We construct a machine $M_{\mu f}$ using a scratch register $k$ that enumerates $\mathbb{W}$ in shortlex order, starting at $\varepsilon$ and using the computable successor $s : \mathbb{W} \to \mathbb{W}$ whose computability is established in [Shortlex Order and Computable Successor](/theorems/1815).
*Register layout.* Input registers $0, \ldots, n - 1$ hold $w_1, \ldots, w_n$; we use scratch registers $R_1, \ldots, R_n$ to save a master copy, scratch register $k$ for the candidate, and we call $M_f$ and $M_s$ as sub-routines with their working registers disjoint from these (achievable by renaming register indices in $M_f$ and $M_s$).
*Phase 0: save inputs.* Copy $w_1, \ldots, w_n$ from registers $0, \ldots, n-1$ into $R_1, \ldots, R_n$. Initialise $k := \varepsilon$ (erase $k$).
*Phase 1: main loop.* Each iteration:
(1a) Restore $w_1, \ldots, w_n$ from $R_1, \ldots, R_n$ into the first $n$ input registers of $M_f$, and copy $k$ into the $(n+1)$-th input register. Run $M_f$. If $M_f$ diverges, $M_{\mu f}$ diverges (correct: for $(\mu f)(w)$ to be defined, $f(w, v')$ must be defined for every $v' \le $ the minimising $v$; divergence at the current $k$ means $f(w, k)$ is undefined, so either $k$ is not bounded above by the minimiser, or no minimiser exists). If $M_f$ halts, examine its output.
(1b) If the output of $M_f$ is $\varepsilon$, copy $k$ into register $0$ and halt. By the loop invariant below, $k$ at this point is the shortlex-least $v$ with $f(w, v) = \varepsilon$, i.e. $(\mu f)(w) = k$.
(1c) If the output is non-empty, replace $k$ by $s(k)$ using the computable successor $M_s$ (established in [Shortlex Order and Computable Successor](/theorems/1815)): copy $k$ into $M_s$'s input register, run $M_s$, copy its output back into $k$. Return to (1a).
The test "output is $\varepsilon$" in (1b) vs. "non-empty" in (1c) is the standard read-result case distinction on $M_f$'s output register: read the last letter once; if the read returns $\varepsilon$ the register was empty (halt), otherwise it returned some $a \in \Sigma$ (proceed; first write $a$ back to restore the output register before moving on, though actually in our context the output register of $M_f$ is going to be overwritten next iteration anyway, so we may just discard).

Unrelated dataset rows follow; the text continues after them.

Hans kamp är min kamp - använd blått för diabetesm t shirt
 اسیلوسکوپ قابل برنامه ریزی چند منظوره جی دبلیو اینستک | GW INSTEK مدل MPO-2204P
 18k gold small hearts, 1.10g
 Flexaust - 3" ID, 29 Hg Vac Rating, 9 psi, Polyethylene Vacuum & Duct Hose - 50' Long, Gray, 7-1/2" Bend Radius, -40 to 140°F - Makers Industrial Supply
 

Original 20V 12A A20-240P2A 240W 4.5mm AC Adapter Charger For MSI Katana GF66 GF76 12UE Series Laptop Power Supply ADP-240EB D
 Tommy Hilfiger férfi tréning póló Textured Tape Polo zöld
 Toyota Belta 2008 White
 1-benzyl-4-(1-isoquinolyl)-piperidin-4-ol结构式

[claim:The loop in Phase 1 maintains the invariant "at the start of the iteration, $k$ is the shortlex-least word $v$ such that $f(w, v) \downarrow$ and $f(w, v)$ has not yet been observed to be $\varepsilon$, and for every $v' < k$ we have $f(w, v') \ne \varepsilon$ (and $f(w, v') \downarrow$)"]
The initial iteration starts with $k = \varepsilon$, the shortlex-minimum, and no previous values of $f$ have been queried, so the invariant holds vacuously (the set $\{v' : v' < \varepsilon\}$ is empty).
If the invariant holds at the start of an iteration, step (1a) evaluates $f(w, k)$. Three outcomes:
- $f(w, k)$ diverges: by the invariant, $f(w, v') \downarrow$ and $f(w, v') \ne \varepsilon$ for all $v' < k$. Since $f$ fails to be defined at $k$, the minimisation definition requires $(\mu f)(w)$ to be undefined (there is no $v$ with $f(w, v) = \varepsilon$ and $f$ defined on all smaller inputs, because at $k$ itself $f$ is undefined and $k$ is not greater than any such putative $v$ — more precisely, for $(\mu f)(w) = v$ we'd need $f(w, k) \downarrow$ either with $k = v$ where $f$ value is $\varepsilon$, or $k < v$ where $f$ value is arbitrary defined — but here $f$ is undefined at $k$, so neither works). $M_{\mu f}$ correctly diverges.
- $f(w, k) = \varepsilon$: by the invariant, for every $v' < k$ we have $f(w, v') \downarrow$ and $f(w, v') \ne \varepsilon$. So $k$ is the shortlex-least $v$ with $f(w, v) = \varepsilon$ and $f(w, v') \downarrow$ for all $v' < v$. Hence $k = (\mu f)(w)$, and step (1b) emits it.
- $f(w, k)$ is defined and non-empty: the invariant is updated to "$k' := s(k)$" in step (1c). Note $s(k)$ is the shortlex-successor of $k$, so words strictly less than $s(k)$ are precisely words $\le k$. For each such $v' \le k$ the invariant previously required $f(w, v') \downarrow$ and $f(w, v') \ne \varepsilon$ (for $v' < k$ by the old invariant, and for $v' = k$ by the current iteration's computation). So the invariant rewrites to $k'$ correctly.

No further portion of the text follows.